In intensiver Kleinarbeit wurden all diese Details schliesslich wunderschön umgesetzt und ausgearbeitet. Nun war nur noch ein Problem zu lösen: Wie sollte man die ganze Hexenküche, die inzwischen etwa zwei Meter hoch und drei Meter lang war, während einer Szene innert weniger Sekunden vor offenem Vorhang auf die Bühne bringen? Nachdem verschiedene Möglichkeiten ausführlich besprochen wurden, einigte man sich auf eine simple Lösung: Kleine Rädchen sollten es ermöglichen, die gesamte Geschichte während dem Stück auf die Bühne zu schieben – zusammen mit lautem Donner und gedämpftem Licht natürlich.

Die fertige Hexenküche

Die fertige Hexenküche

Der Zauberspiegel war keines Falls ein leichteres Unterfangen, denn es waren auch hier ein paar technische Finessen zu berücksichtigen: Wie konnte man den Spiegelgeist in der silbrigen Spiegelfläche erscheinen lassen? Etwa durch eine Projektion? Wohl kaum. Das wäre nur mit teuren Geräten und viel Know-How machbar gewesen.
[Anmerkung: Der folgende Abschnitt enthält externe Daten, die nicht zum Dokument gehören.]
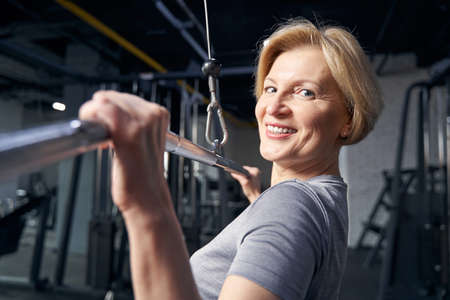 Cheerful woman doing strength workout in gymの写真素材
Doch es waren noch lange nicht alle Tricks ausgeschöpft. Geschickt wurde ein System entwickelt, das es dem hinter dem Spiegel stehenden Spiegelgeist ermöglichte, die Spiegelfläche nach hinten zu klappen und dadurch durch eine eingebaute Plexiglasfläche aufzutauchen - wieder verbunden mit speziellen Licht- und Toneffekten, die das Manöver des Schauspielers hinter dem Spiegel kaschieren sollten.

Der Hexenkessel

Der Hexenkessel

Unter enormem Zeitdruck wurde der Spiegel noch wenige Tage vor der Premiere aufwändig mit vielen kleinen Glasperlen, Goldverzierungen und stimmungsvoll flackernden Kerzen ausgestattet. Nun mussten die gewaltigen Möbel nur noch auf die Forum-Bünhe gebracht werden. Mit voll beladenem Auto wurden die relativ zerbrechlichen Kulissen - für ausreichende Statik war einfach keine Zeit mehr – bei leichtem Schneefall in den Kulissenraum des Forums Triengen transportiert, wo sie noch kleinere Ausbesserungen, Korrekturen und Reparaturen erfuhren und endgültig zusammengeschraubt wurden. – Wer jetzt meint, dies sei das Ende der Geschichte, der irrt: Es war noch ein langer Weg, bis die Zuschauer die beiden Kulissen in all ihrer Pracht auf der Bühne bestaunen konnte.

Der Zauberspiegel

Der Zauberspiegel

Wie war das genau mit dem Aufklappen des Zauberspiegels? Wie sollte die Hexenküche auf die Bühne rollen? Und war da nicht noch von einem rauchenden Hexenkessel die Rede? Unsere Trickspezialisten mussten ran! Allen voran war es Werni Frey, der eine Nebelmaschine auftrieb und auf die im wahrsten Sinne des Wortes «zündende» Idee kam, die Verwandlung der bösen Königin mit einem knallenden, flammenden Explosionskörper zu untermalen. Damit die Hexenküche endlich problemlos auf die Bühne gleiten konnte, musste man zuerst die kleinen Rädchen durch grössere Räder ersetzen, mit denen das Möbelstück leichter über den Bühnenboden bewegt werden konnte. Versteckt hinter der grossen, schwarzen Wand der Hexenküche waren zwei Personen, die für das Erscheinen der Küche «von Geisterhand» sowie den Rauch im Hexenkessel verantwortlich waren. Jetzt war nur noch zu klären, wie man wohl am besten die Feuerblitze zünden könnte. Schliesslich übertrug man die Verantwortung des «Zündmeisters» auf den Souffleur, der bei jeder Aufführung insgesamt drei Mal das Textbuch zur Seite legen und im richtigen Moment den spektakulären Lichtblitz zünden musste.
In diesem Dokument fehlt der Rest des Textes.